However, there are also differences between the early eighties and now, due to the existence of Internet business and a wide range of legitimate online jobs available at the current time, that did not exist a quarter of a century ago. While the possibility for people to work from home is not new, the Internet significantly increases the possibilities for setting up your own home office.

I do not doubt that there are lucrative jobs in sales and marketing, but it is crucial to distinguish good from bad jobs, and avoid jobs promoting a questionable product. In 1984 I attended an interview with an employer promoting a new commercial directory. I was supposed to visit companies getting them to buy an entry in this. I concluded that the directory itself had little chance of coming into being, and declined the position. In fact, the directory never saw the light of day.

In another example I applied for a vacancy marketing investment products, and was invited to attend an interview at a hotel. It is not unusual for companies to hire hotel rooms to conduct interviews. Unfortunately, when I got there, I discovered this outfit in fact used the hotel as an office. Before they agreed to hire me, I was expected to to sell five of their plans, to friends and relatives. To put it another way, they were not interested in me, but in my contacts. It goes without saying that I gave that one a miss.

In addition I did various so-called jobs trying to sell things at the door. A lot of people find door-to-door salesmen to be a pest, and I found it a deeply discouraging experience. People will think of a variety of disagreeable ways of informing you they do not buy at the door. Subsequently I had a job in telesales, which had the benefit that it enabled me to work from home, however this just as bad. People find it a lot easier to put the phone down on a salesman than to shut a door against them.

The door-to-door jobs are less common these days as a lot of neighbourhoods have been designated as ‘no cold calling’ zones, and most of the telephone selling jobs have been outsourced to India. Nevertheless, recently I went for a vacancy in market research, which I thought would be better as it did not involve sales. Unfortunately, I found that very few people were willing to take part in the survey, and some simply put down the phone right away. I gave that up after 24 hours.
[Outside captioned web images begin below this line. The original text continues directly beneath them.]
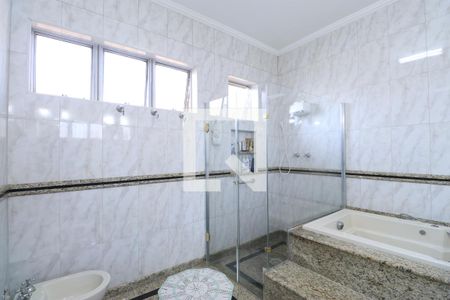 Casa à venda com 500m², 4 quartos e 5 vagasBanheiro da Suíte 2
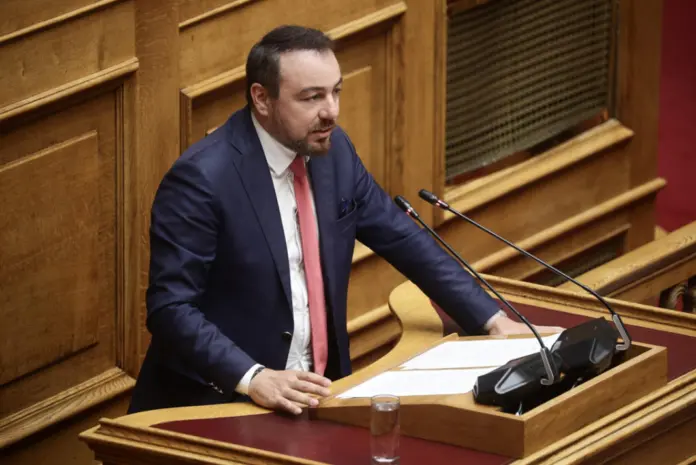 Παρασύρης: Γιατί ο γιος μου δεν έχει smartphone – και γιατί το ΠΑΣΟΚ είπε «παρών»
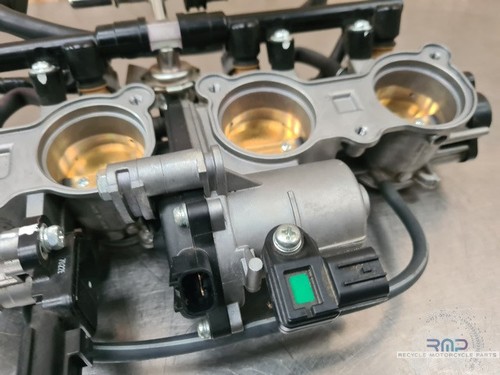 Yamaha yzf 2018 2019 - yamaha, r1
So, with employment opportunities in critically short supply, are there any worthwhile alternatives? After I tried out a lot of dead-ends I then considered Internet business opportunities. You will find some advertised on various online jobs sites, but in addition there are websites specialising in the area of Internet business itself. Such jobs enable people to work from home, so there is no need to move to another part of the country. Many such jobs might involve a small investment, but I can speak from my own experience that online jobs are infinitely preferable to trying to sell something on the doorstep or phone. After entering this area a while ago, I haven’t personally looked back.